Hello, gang! There were SO MANY GOOD COMMENTS to choose from this week, that old Skip had a hard time picking out just one. There was the guy who threatened to punch Mike D.’s teeth down his throat, using such clever insults as “BLOGGERS LIVE IN THEIR MOM’S BASEMENTS.” There was the comment on a two-month-old article suggesting that Kermit is not the kind of “dude” that Ryan Braun is. Presumably because he’s never worn chaps and baby oil. But I think I’m going to have to give this week’s award to the biggest “celebrity” to hit the blog since the Mend My Heart Guy threatened to sue Kermit.





Congratulations, to this week’s winner, Daniel Kamen!

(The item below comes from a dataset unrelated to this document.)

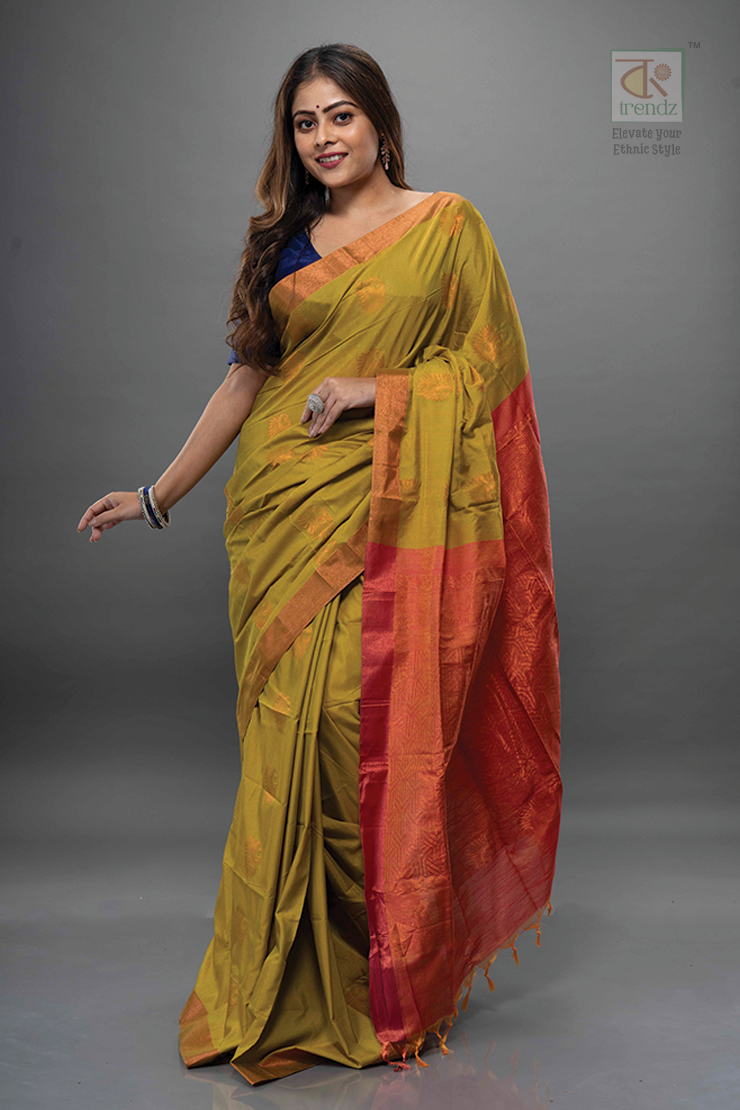 Dual tone Gadwal Saree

Truly, anything Daniel has written on the site so far has been a potential winner, but I’m going to have to go with with this doozy:

I’m the guy on the diet.
Couple of things to say. First, Steve Stone is right—kids, do not try what I’m doing. It’s not good for you or anyone else.

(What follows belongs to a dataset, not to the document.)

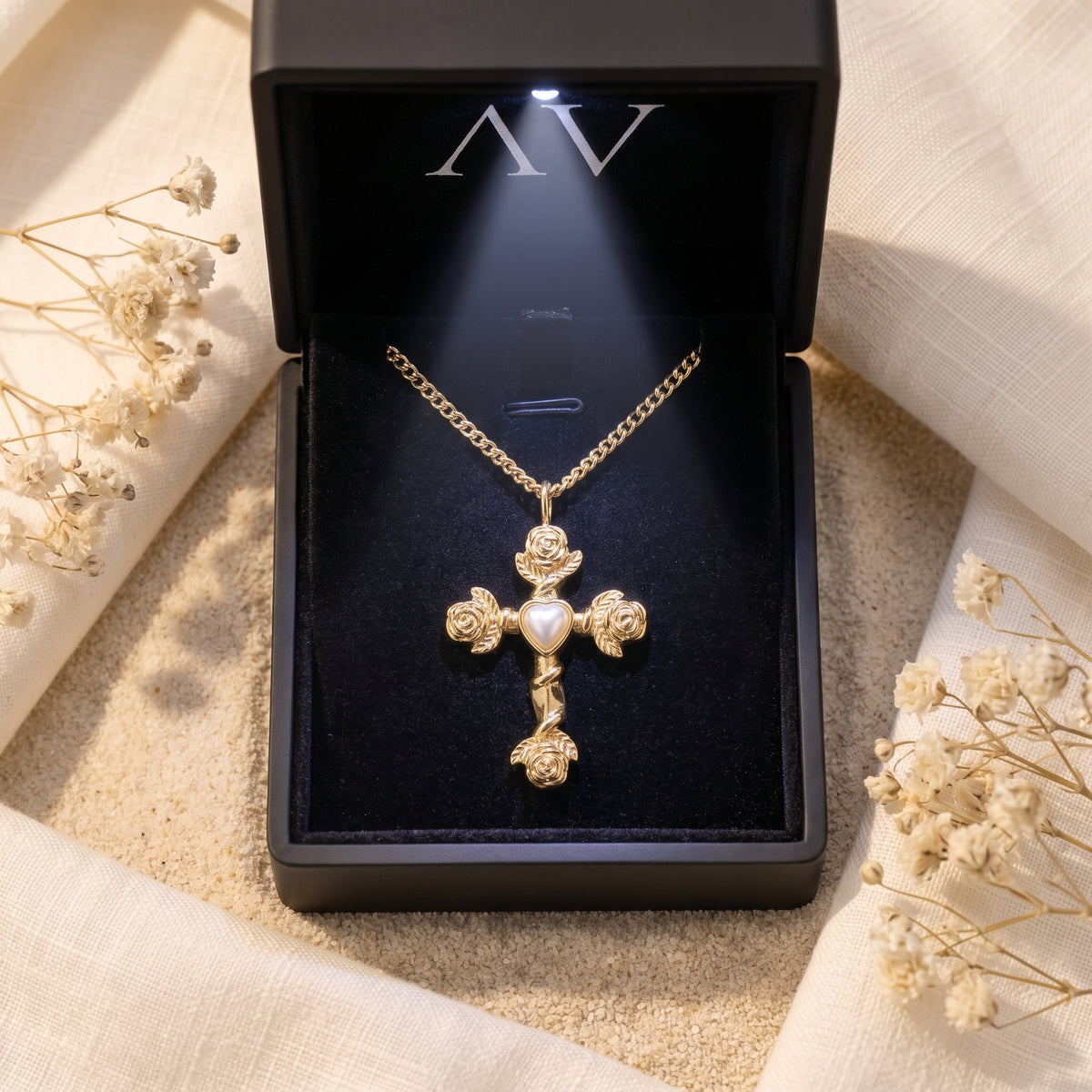 YLQ49543-cross necklace - Premium LED Gift Box Presentation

Second: Steve Stone is the best announcer baseball ever had. There is no one smarter and more up to date than Stoney. When Mr. Stone left the Cubs booth, I had considered not following the Cubs anymore. Steve Stone was the reason I watched the ball games on TV. What better pairing was there than Steve Stone and Harry Carray? All the others who tried to replace Steve lagged miles behind in every way; talent, knowledge, insight, entertainment–you name it. I always felt he should be managing the Cubs. Steve’s decisions are almost always right. And he tells it like it is. The only reason he ‘left’ the Cubs was because he spoke his mind, which was the truth, and management couldn’t handle it.
The Cubs would already have won the World Series had Steve Stone been the manager. Steve, you’re the best.

You almost stopped watching the Cubs because a bitter old thinks-he-knows-everything broadcaster left the team? You’re a heck of a Cubs fan, Daniel! If you’re not too weak from hunger to lift it, hold that trophy high! Also, don’t insult my managing prowess ever again, or I’ll be sure that you break your diet WITH YOUR OWN BALLS!